Gianni Lenoci & Francesco Forges

Never

Gianni Lenoci (p), Francesco Forges (fl, voc)

Label / Distribution : Le Petit Label

On se souvient que les Normands du Petit Label avaient exhumé, sept ans après son enregistrement, une rencontre entre le chanteur et flûtiste Francesco Forges et le pianiste Gianni Lenoci autour de poèmes et d’improvisations. Au fond de la nuit était un disque étrange, obsessionnel, marqué par les climats crépusculaires où les ombres se confondent et prennent goût pour la mise en scène. Ces Italiens, discrets créateurs aux collaborations prestigieuses, notamment Lenoci qui a travaillé avec Joëlle Léandre et Paul Bley, reviennent sur le même label avec Never, capté en 2012 par les élèves ingénieurs du son de la Scala de Milan. Peu importe les dates. Elles n’ont pas de prise sur le lyrisme ténébreux qui ponctue la musicalité des syllabes.

Car il s’agit de mots, principalement. La flûte de Forges est peu présente, à l’exception de cet émouvant hommage à la chanteuse Lhasa (« Il neige sur Lhasa »). Dans ce morceau final, le souffle sanglote comme des bribes de mots, à peine ébranlé par les tintements du piano lointain qui semble sonner le glas. C’est l’illustration de la grande théâtralité qui accompagne chacun des titres, à l’instar de ce troublant « Never », poème de Claire Barliant où l’amusement premier se transforme en un ricanement inquiet, à mesure que le piano se fait insistant. Si Forges donne aux textes une lecture où la limite entre l’angoisse et la fascination est parfois très ténue, c’est bien Lenoci qui en choisit le climat. En témoigne le chaleureux « Goodbye », jolie ballade mélancolique où tout est doux alentour ; un sentiment qui se répétera sur « All my Life », composition d’Ornette Coleman.

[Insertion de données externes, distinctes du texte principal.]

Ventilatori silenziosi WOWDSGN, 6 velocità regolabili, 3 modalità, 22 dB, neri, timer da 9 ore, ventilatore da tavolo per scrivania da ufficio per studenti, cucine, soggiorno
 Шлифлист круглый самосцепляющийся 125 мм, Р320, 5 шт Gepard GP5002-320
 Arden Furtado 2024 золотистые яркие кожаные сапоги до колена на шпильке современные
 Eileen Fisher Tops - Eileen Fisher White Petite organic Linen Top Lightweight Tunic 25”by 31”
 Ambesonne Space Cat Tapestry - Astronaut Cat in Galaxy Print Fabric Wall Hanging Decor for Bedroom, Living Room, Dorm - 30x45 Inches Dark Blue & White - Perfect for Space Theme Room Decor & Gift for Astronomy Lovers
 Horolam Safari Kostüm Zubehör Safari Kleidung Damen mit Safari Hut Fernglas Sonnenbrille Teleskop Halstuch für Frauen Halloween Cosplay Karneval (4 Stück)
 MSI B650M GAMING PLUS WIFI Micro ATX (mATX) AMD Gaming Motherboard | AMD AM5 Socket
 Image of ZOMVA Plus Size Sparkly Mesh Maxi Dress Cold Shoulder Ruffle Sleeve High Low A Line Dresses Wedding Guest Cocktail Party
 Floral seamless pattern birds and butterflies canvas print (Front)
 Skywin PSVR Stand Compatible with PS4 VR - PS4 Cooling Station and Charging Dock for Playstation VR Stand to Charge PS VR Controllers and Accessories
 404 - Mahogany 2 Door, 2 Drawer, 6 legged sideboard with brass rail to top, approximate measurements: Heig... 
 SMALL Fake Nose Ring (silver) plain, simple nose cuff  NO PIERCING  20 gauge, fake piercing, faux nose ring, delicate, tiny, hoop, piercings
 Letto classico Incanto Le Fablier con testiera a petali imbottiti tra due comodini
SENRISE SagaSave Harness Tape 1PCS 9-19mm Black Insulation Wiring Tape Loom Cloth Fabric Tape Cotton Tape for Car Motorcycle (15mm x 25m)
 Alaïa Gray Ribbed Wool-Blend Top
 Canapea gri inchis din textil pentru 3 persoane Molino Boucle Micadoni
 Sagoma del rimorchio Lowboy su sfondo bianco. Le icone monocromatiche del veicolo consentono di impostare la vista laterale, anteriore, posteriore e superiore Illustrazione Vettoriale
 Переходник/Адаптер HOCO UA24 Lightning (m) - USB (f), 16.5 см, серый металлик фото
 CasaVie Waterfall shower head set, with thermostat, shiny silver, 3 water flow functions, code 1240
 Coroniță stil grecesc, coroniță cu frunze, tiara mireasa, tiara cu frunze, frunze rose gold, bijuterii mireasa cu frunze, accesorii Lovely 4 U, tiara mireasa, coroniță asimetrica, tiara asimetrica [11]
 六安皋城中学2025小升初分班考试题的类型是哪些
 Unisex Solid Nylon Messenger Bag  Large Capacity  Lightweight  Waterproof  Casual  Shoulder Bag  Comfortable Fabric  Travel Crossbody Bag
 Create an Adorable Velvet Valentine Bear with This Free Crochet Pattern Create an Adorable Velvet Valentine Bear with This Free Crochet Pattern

Mais c’est bien sur les textes en italien que le duo s’arme de la plus belle inspiration. « Alì dagli occhi azzurri », magnifique oeuvre de Pasolini où la flûte ne sert qu’à appuyer une scansion pleine de rythmes rageurs, en est le sommet qui mérite à lui seul qu’on s’intéresse à cet album. Libéré par l’usage de la langue maternelle, Lenoci se fait explosif et pousse son compagnon dans des retranchements qui habitent absolument le texte (« Di la dal ponte de la ferrovia » de Pagliarani). Never est un disque brut, où l’électronique du précédent album a disparu pour ne laisser qu’une vraie délicatesse, franchement séduisante.